**GIVEN INFORMATION:**
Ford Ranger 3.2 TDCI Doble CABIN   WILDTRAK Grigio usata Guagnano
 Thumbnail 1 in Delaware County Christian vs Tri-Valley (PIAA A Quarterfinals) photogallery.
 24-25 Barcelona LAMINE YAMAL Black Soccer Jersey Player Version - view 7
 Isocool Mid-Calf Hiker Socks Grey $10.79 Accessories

**YOUR INSTRUCTIONS:** All lines from the one containing "Thumbnail 1 in" through the last line of the data must be set down exactly. No other lines belong in the answer.

**COMPLETED EXERCISE:**
 Thumbnail 1 in Delaware County Christian vs Tri-Valley (PIAA A Quarterfinals) photogallery.
 24-25 Barcelona LAMINE YAMAL Black Soccer Jersey Player Version - view 7
 Isocool Mid-Calf Hiker Socks Grey $10.79 Accessories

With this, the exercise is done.